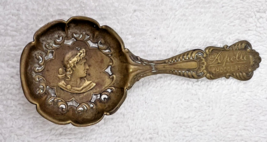 Antique The Apollo Chocolates Brass Sample Spoon w Cameo &amp; Feathery Design - $28.22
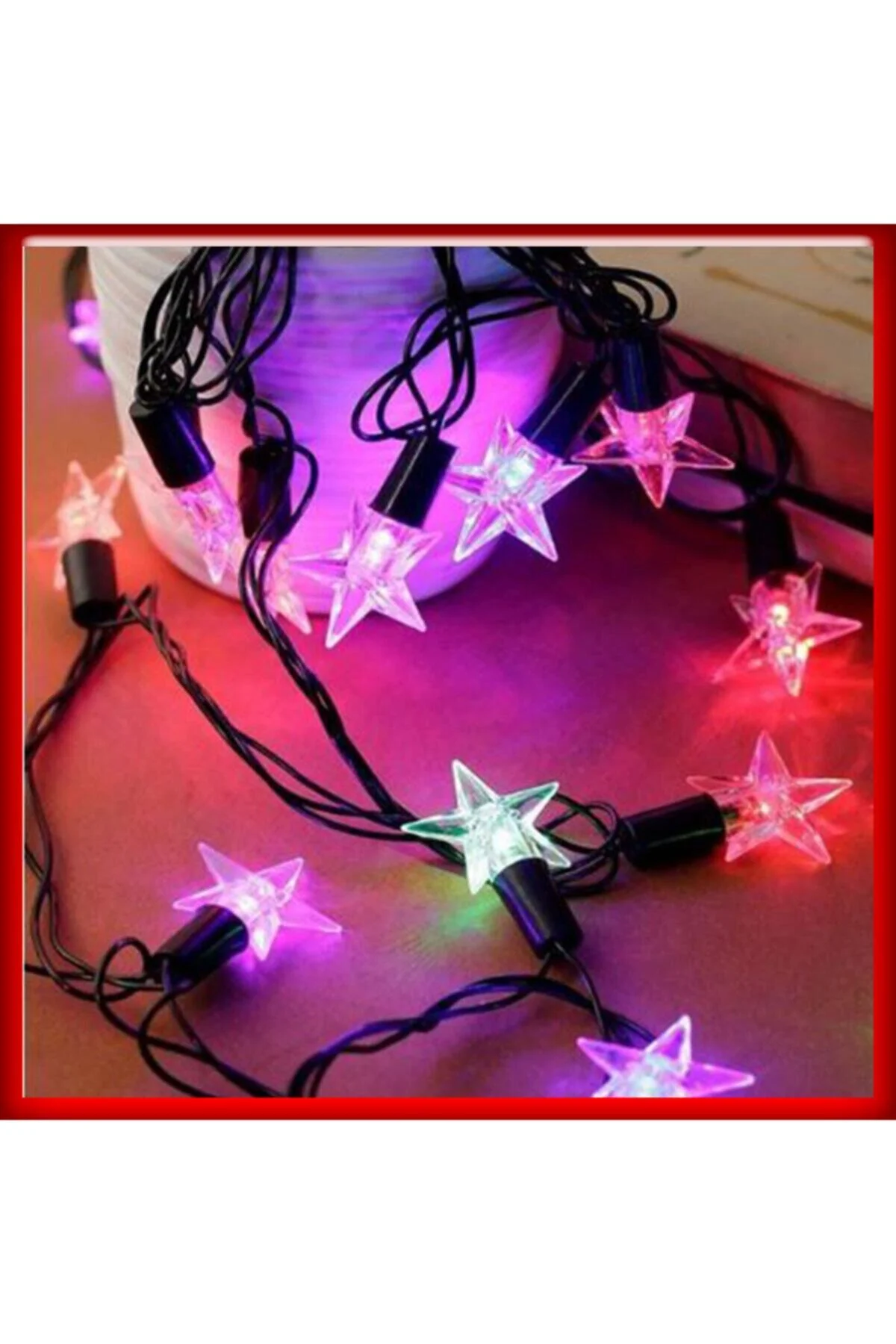 5 Metre 28 Yıldız Led /rgb /çakarlı/ Siyah Kablo / Yılbaşı Süsü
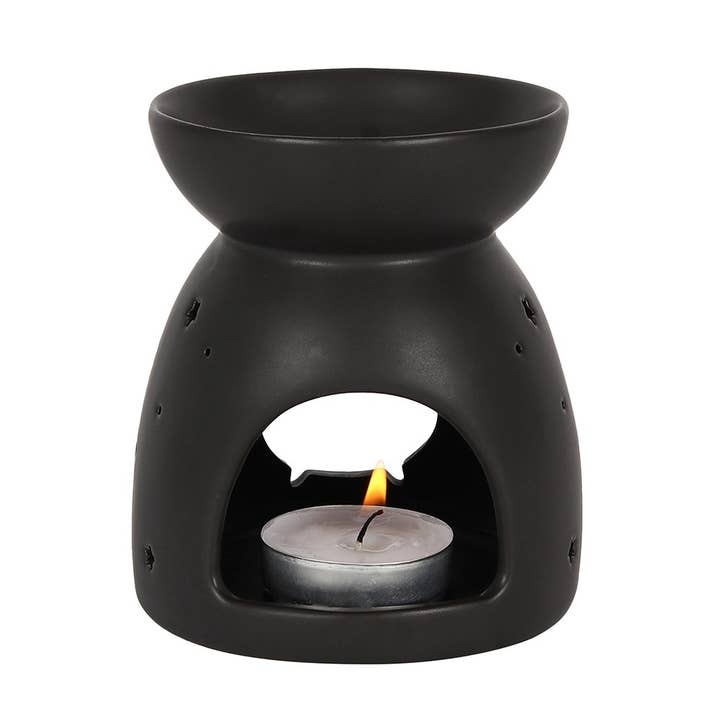 Something Different Wholesale - Wholesale Wax Warmer - Gothic Black Cauldron Cut Out Oil Burner and Wax Warmer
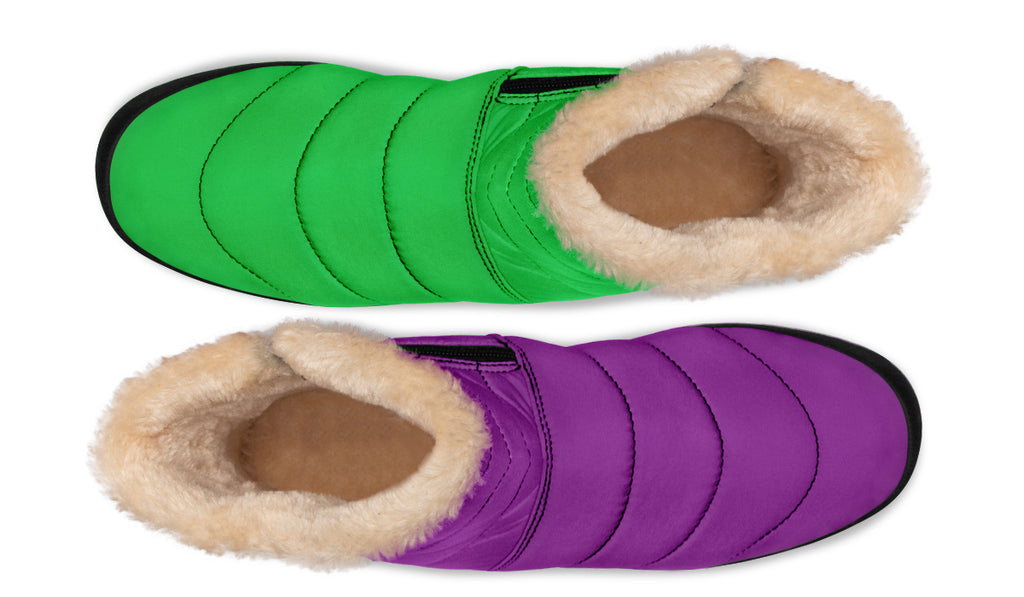 Green And Purple Mismatch Faux Fur Ankle Boots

• _How to complete this task_
Starting from the line where "5 Metre 28 Yıldız" appears, copy every line through the end of the material, both ends included, but no pictures.

• _Solved problem_
 5 Metre 28 Yıldız Led /rgb /çakarlı/ Siyah Kablo / Yılbaşı Süsü
 Something Different Wholesale - Wholesale Wax Warmer - Gothic Black Cauldron Cut Out Oil Burner and Wax Warmer
 Green And Purple Mismatch Faux Fur Ankle Boots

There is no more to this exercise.